The last two years have seen political change in Pakistan which followed change in economic policy and slowdown in economic growth. We have also seen the policy rate going up initially and then coming down a few months ago, significant depreciation of the rupee, and food inflation; all these factors were not helpful in reducing poverty and in fact added to the miseries of the poor. But it is certain that Covid-19 has a disproportionate effect and will have long-term implications on the jobs and income of the poor.

UNU-Wider estimates that the Covid-19 crisis could add 80-400 million new poor, living under $1.90 per day. These numbers may reverse the gains made over the last two decades in the fight against poverty. The estimates illustrate a resurgence of poverty in Bangladesh, India, Indonesia and Pakistan.

What this means is that people were just one shock away from poverty and may easily be prey to the current Covid crisis. This also means that one out of three children born in the year 2000, the year of MDGs, will still be living in poverty in 2030, the terminal year of the SDGs, if serious and targeted efforts are not made. We are not talking about shared prosperity and wellbeing, just about people having enough to eat for survival.

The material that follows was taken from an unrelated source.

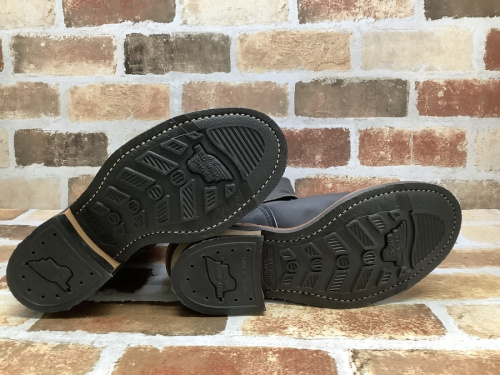 レッドウィングのアメカジ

There are three major groups to form a cluster of poor. The rural landless labourer/tenant, urban informal or low wage workers, and women workers both in rural and urban areas. Given the slower pace of economic recovery this year, the only powerful policy instrument available with the government is augmenting the existing social protection programme. Pakistan’s SDGs target was to reach 70 percent of people living below the poverty line through social protection by 2030; this must be brought forward.

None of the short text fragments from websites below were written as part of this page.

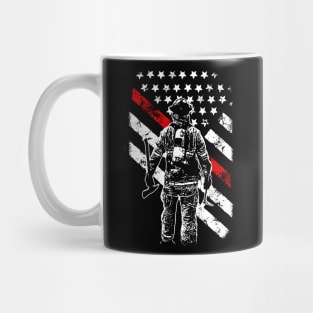 fIRE fIGHTERS Mug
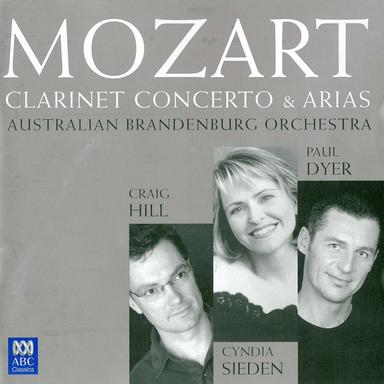 Clarinet Concerto In A, K.622 - Version for Basset Clarinet: 3. Rondo (Allegro) - Live
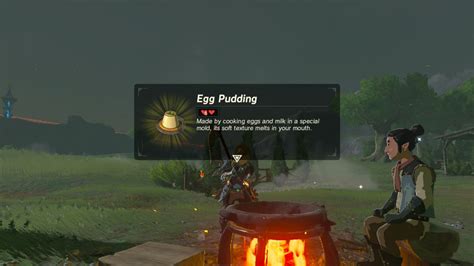 All BOTW recipes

This poses a great challenge but also an opportunity. Challenge in the sense to have registration of all the people who need to be brought under a comprehensive social protection programme. But taking this challenge will be very instrumental for future targeted assistance programmes, once there is valid registration and list of people with a unique ID.

The other important policy measure could be to control the leakage, corruption and cartelization of essential commodities to neutralize the effect of market manipulation and artificial price hikes – especially in food items. Timely public-sector interventions in these areas along with quality assessment and research on the effect of macroeconomic policies on household level poverty can lead to evidence-based policymaking. Apolitical and objective analysis can show how exchange rate, policy rate, subsidies, trade, taxation, energy and fuel prices, and agriculture policy can help or cancel out social protection benefits.

Social protection benefits may help in poverty reduction if not supported with favourable macroeconomic policy measures – policies such as increase in indirect taxation, food inflation, rise in energy prices, increase in utilities bills, inadequate provision of public services such as education, health and water will cancel out the benefits.

If children born in the year 2000 remain poor in 2030 as adults and transmit poverty to the next generation, that demonstrates a collective failure and will inflict a moral wound on our conscience. Therefore, delaying poverty alleviation is not an option, despite the challenges posed by the Covid-19 pandemic. We need to fight back with right policies, attaching high political priority, capitalizing on collective wisdom and forging partnership. A poverty-free Pakistan is achievable.

The writer is an Islamabad-based environmental and human rights activist.